[Opening DATA SECTION section]
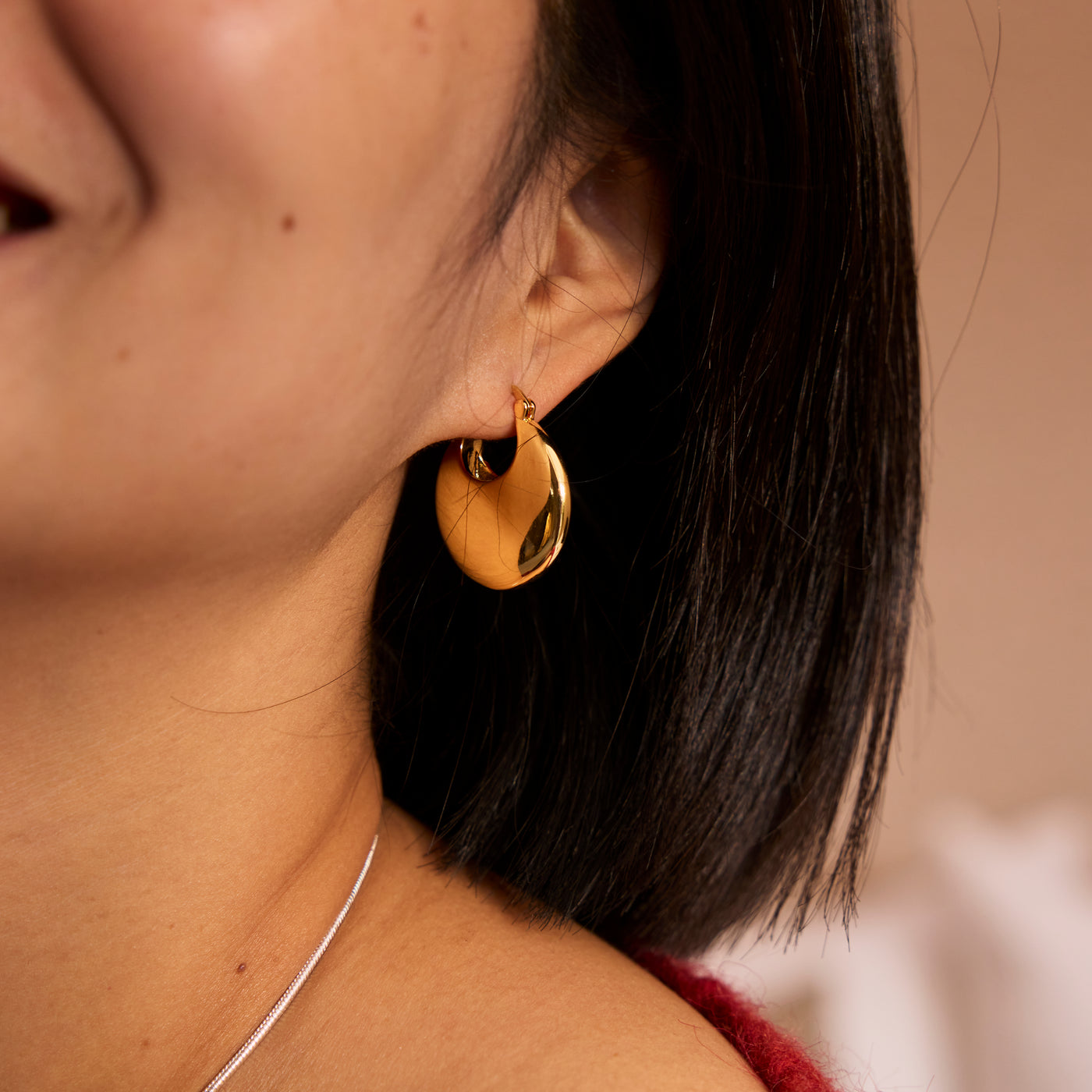 Lucia-Gold Disc Hoops earrings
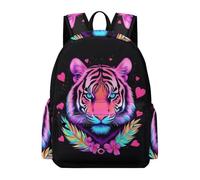 TPISLI Boys Tiger Design School Backpack Girls Rucksack Animal Ages 7-11 Book Bag for Junior School, Durable 14 Inch Laptop Bag for Outdoor Trips and Classes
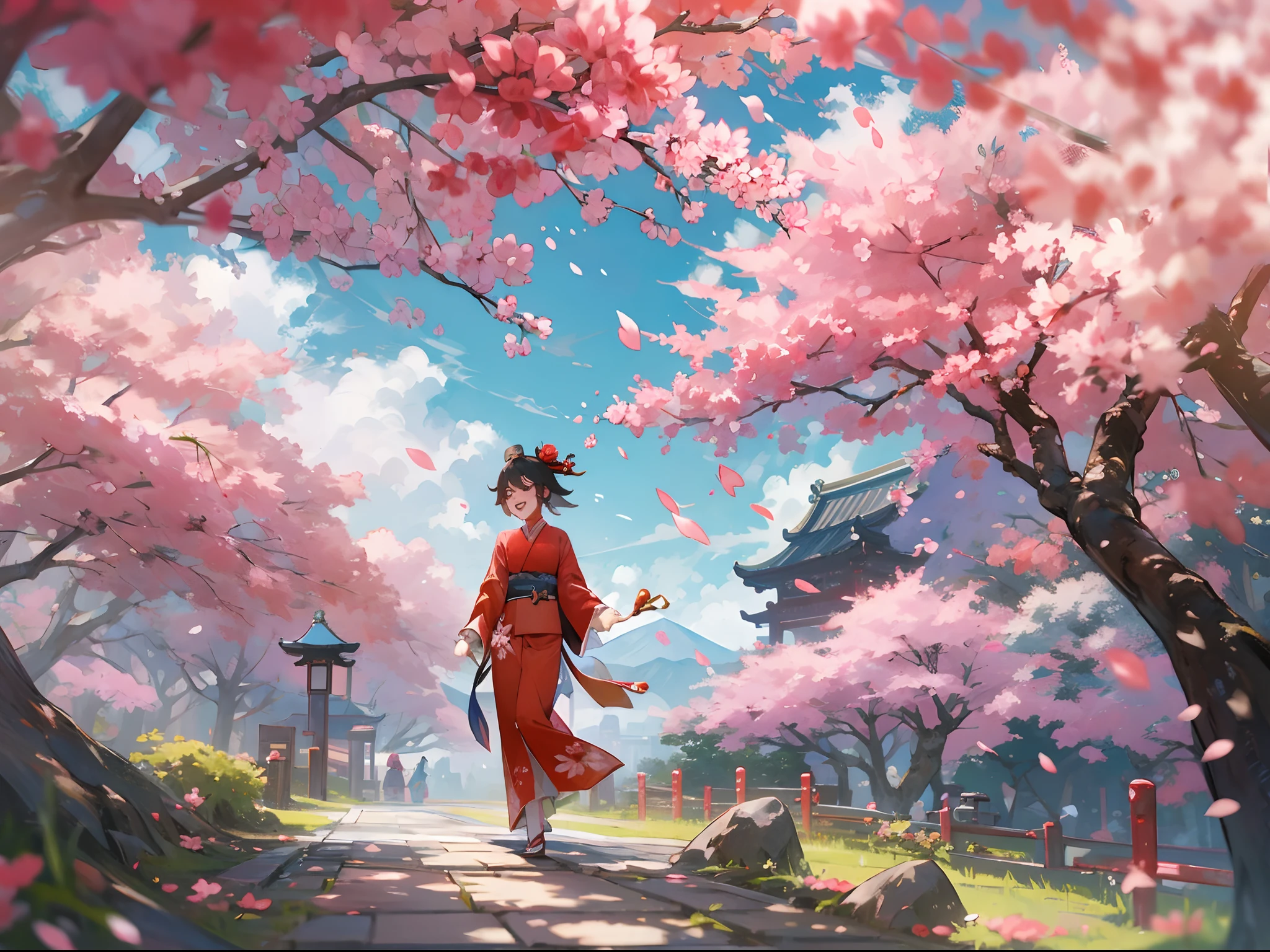 Genshin Impact, Hu Tao wearing red kimono, Ganyu wearing blue kimono, walking, sakura trees, cherry blossom, laughing together, 1girl, elegant and beautiful highly detailed scenery, perfect posture,glasses
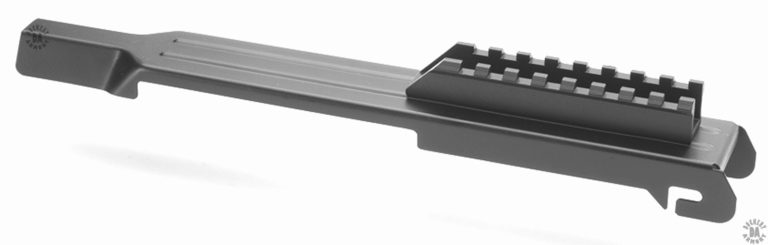 This is an optional top cover for the PM-98 with a section of MIL-STD-1913 (Picatinny) rail secured to the rear half. The top cover can be easily changed over from the standard flat top cover, giving the weapon the option to fit additional sighting or aiming systems. PHOTO CREDIT: FABRYKA BRONI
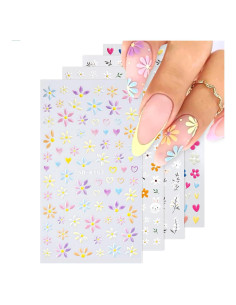 Calcomanías para Uñas 5D HAIIDOAK - 4 Hojas Florales Autoadhesivas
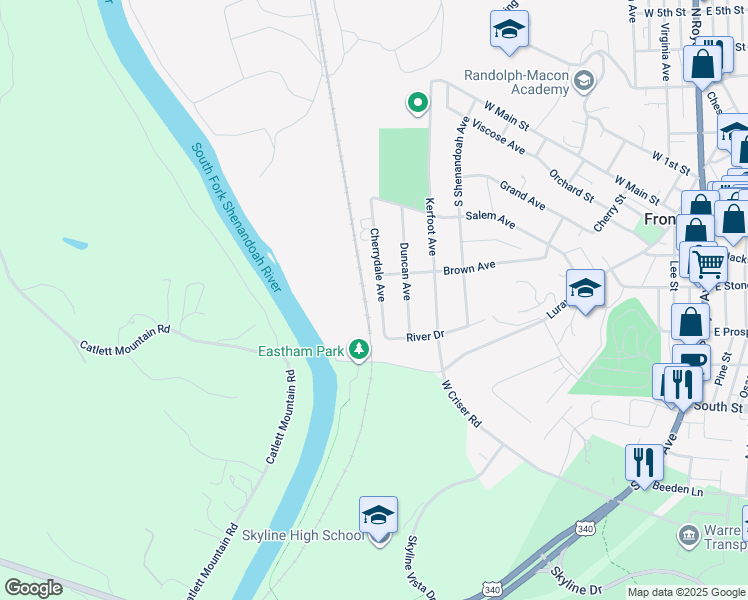 map of restaurants, bars, coffee shops, grocery stores, and more near 434 Cherrydale Avenue in Front Royal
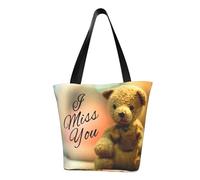 Borsa a tracolla unisex con carota felice, riutilizzabile, pieghevole, casual, elegante, per la spesa, per spiaggia, viaggi, lavoro, scuola, Miss You Bear, Taglia unica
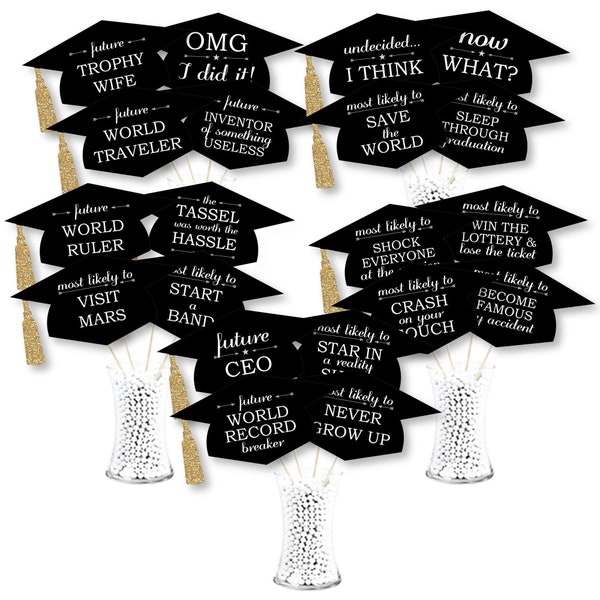 Hilarious Tassel Worth the Hassle - Gold - Graduation Party Photo Booth Props or Table Toppers - 20 Count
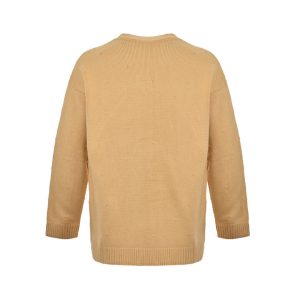 Back view of a relaxed-fit Gucci knit jumper in a solid camel color showing ribbed hem detailing.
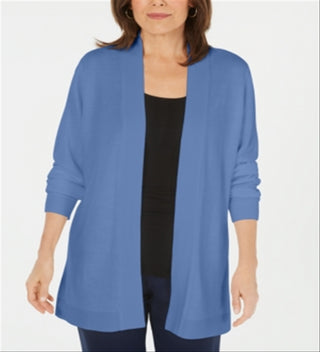 Karen Scott Women's Open Front Cardigan Blue Size Petite Small
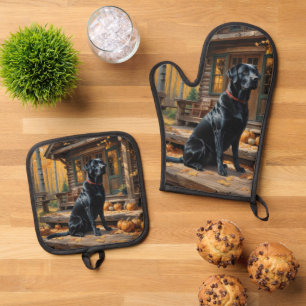 Ensemble De Gant De Cuisine Et De Manique Cabine du journal de l'extracteur Black Labrador A
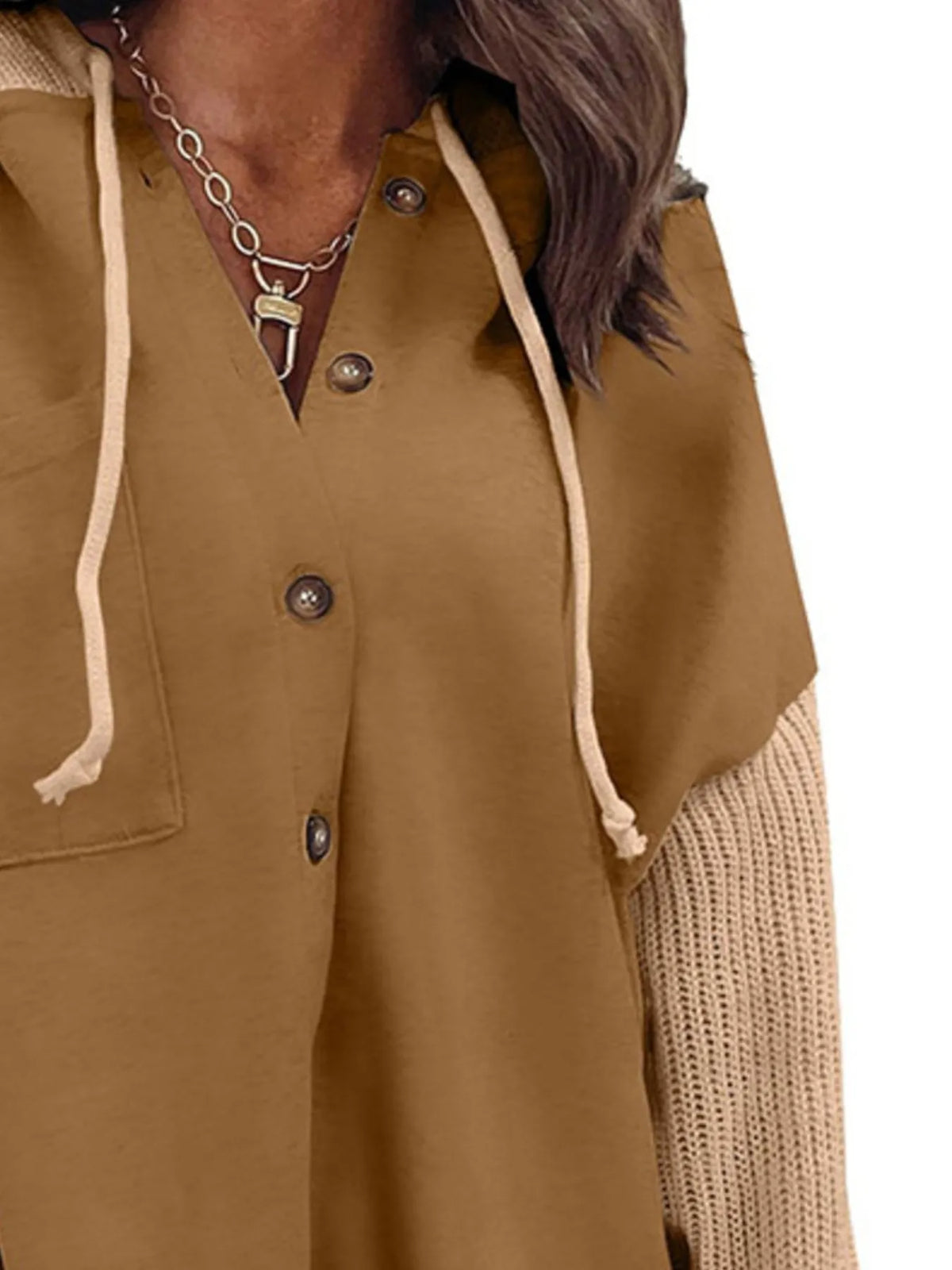 Drawstring Button Front Hoodie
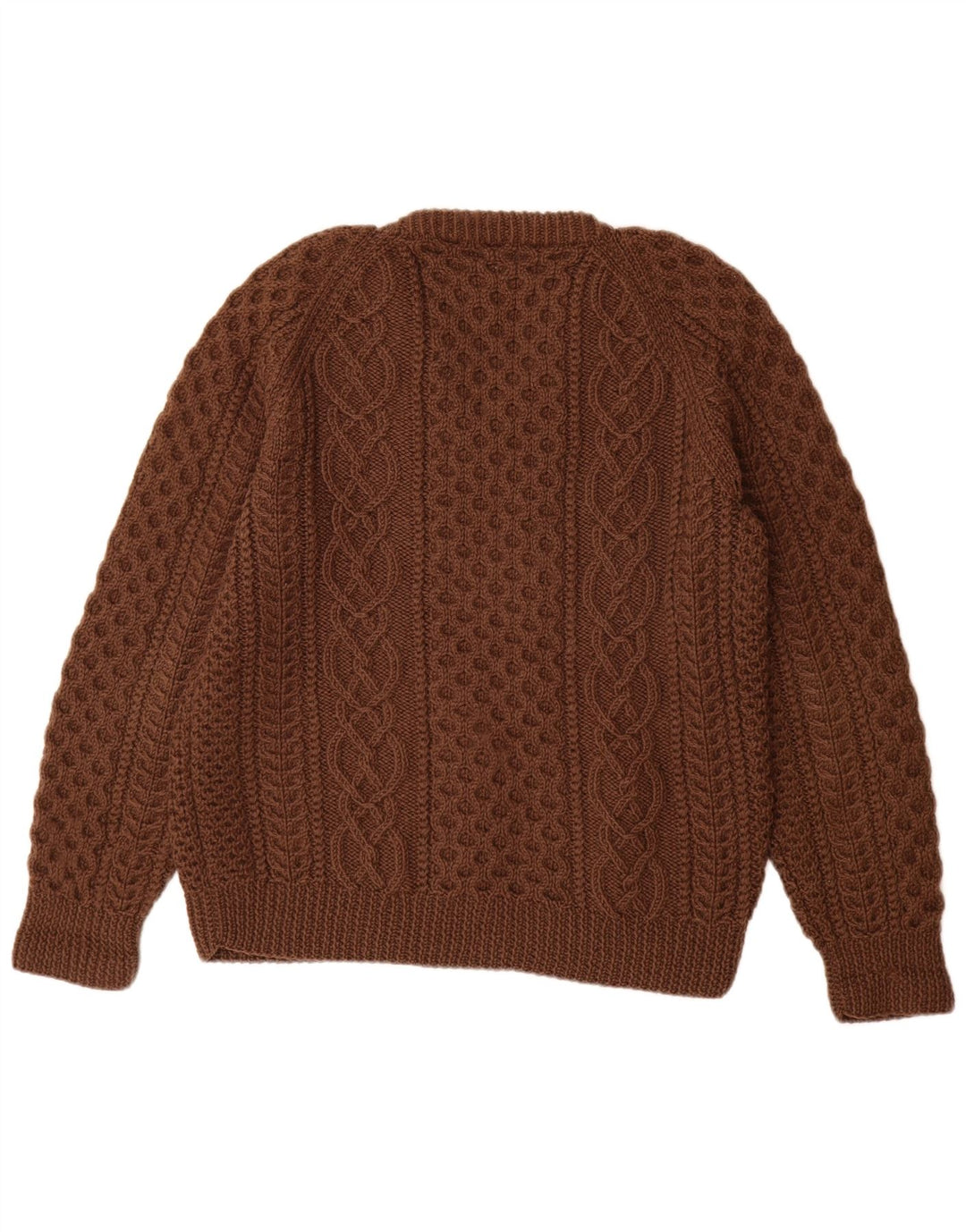 VINTAGE Womens V-Neck Jumper Sweater UK 14 Large Brown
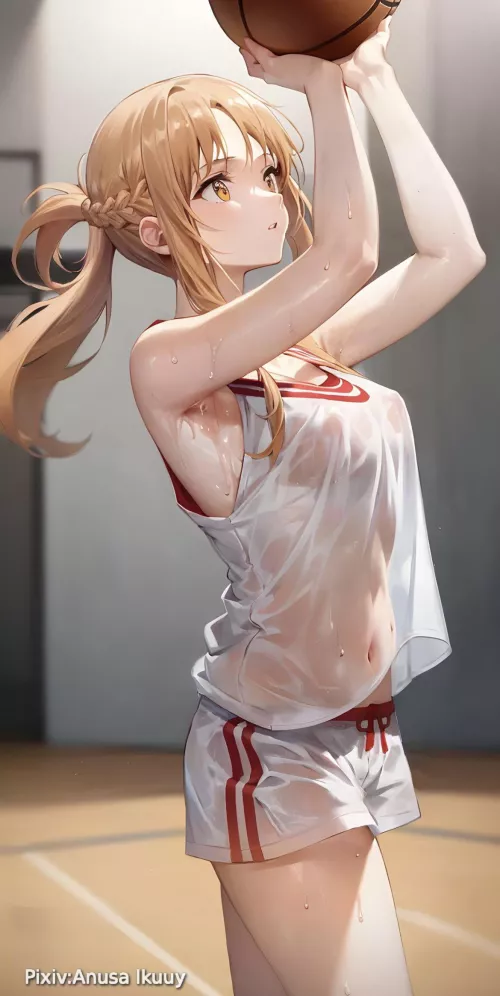 Asuna playing basketball by DroopFilm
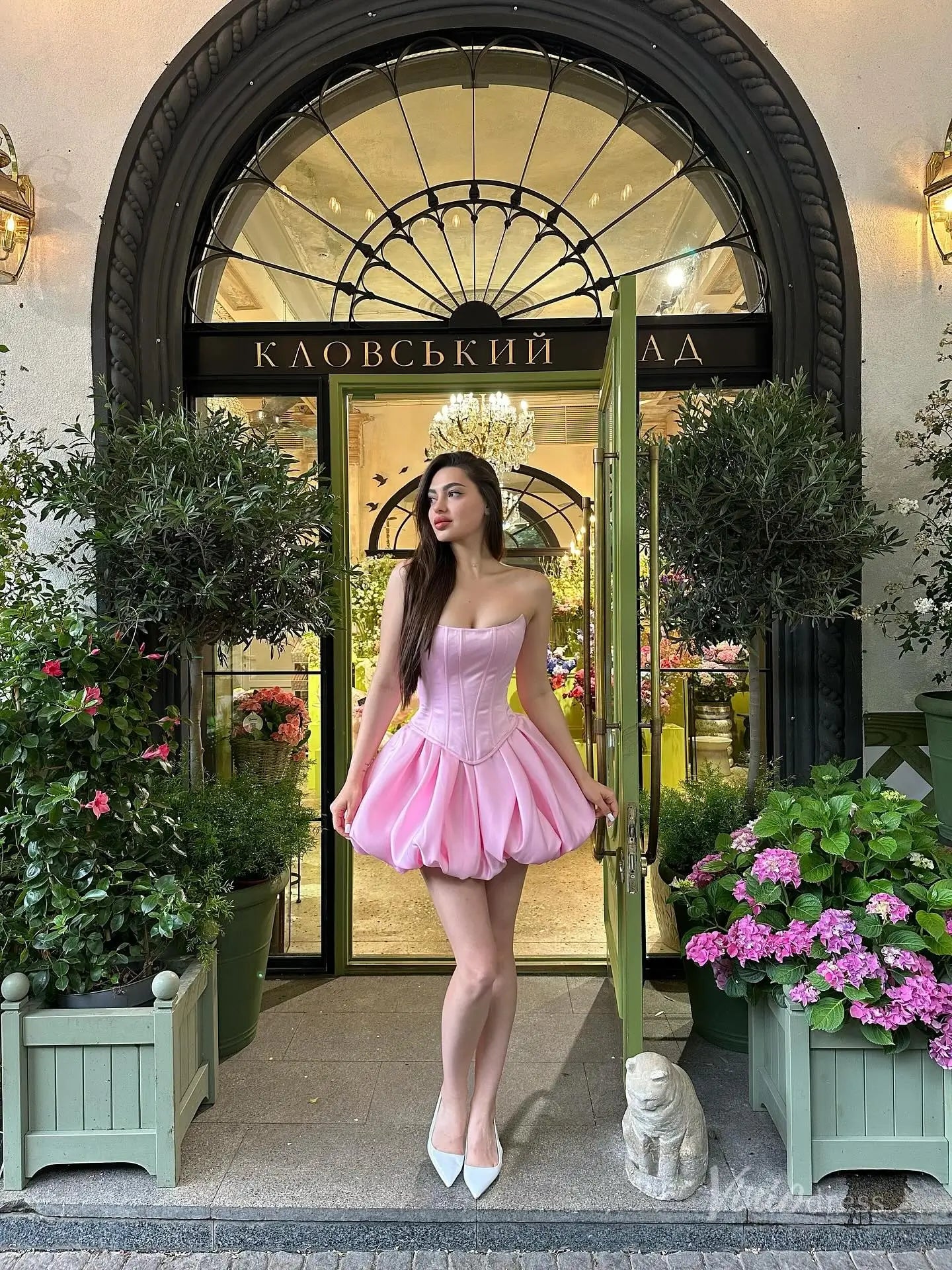 Pink Strapless Bubble Hem Homecoming Dress with Corset Bodice and Lace-Up Back – H1146-Homecoming Dresses 2025 -Viniodress-Pink-Custom Size-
[Closing DATA SECTION section]
§ WORK ORDER
Reproduce exactly the lines from the beginning of the material down to the line containing "Karen Scott Women's", both ends included, but not the pictures or anything after.

§ WRITTEN SOLUTION
 Lucia-Gold Disc Hoops earrings
 TPISLI Boys Tiger Design School Backpack Girls Rucksack Animal Ages 7-11 Book Bag for Junior School, Durable 14 Inch Laptop Bag for Outdoor Trips and Classes
 Genshin Impact, Hu Tao wearing red kimono, Ganyu wearing blue kimono, walking, sakura trees, cherry blossom, laughing together, 1girl, elegant and beautiful highly detailed scenery, perfect posture,glasses
 This is an optional top cover for the PM-98 with a section of MIL-STD-1913 (Picatinny) rail secured to the rear half. The top cover can be easily changed over from the standard flat top cover, giving the weapon the option to fit additional sighting or aiming systems. PHOTO CREDIT: FABRYKA BRONI
 Calcomanías para Uñas 5D HAIIDOAK - 4 Hojas Florales Autoadhesivas
 map of restaurants, bars, coffee shops, grocery stores, and more near 434 Cherrydale Avenue in Front Royal
 Borsa a tracolla unisex con carota felice, riutilizzabile, pieghevole, casual, elegante, per la spesa, per spiaggia, viaggi, lavoro, scuola, Miss You Bear, Taglia unica
 Hilarious Tassel Worth the Hassle - Gold - Graduation Party Photo Booth Props or Table Toppers - 20 Count
 Back view of a relaxed-fit Gucci knit jumper in a solid camel color showing ribbed hem detailing.
 Karen Scott Women's Open Front Cardigan Blue Size Petite Small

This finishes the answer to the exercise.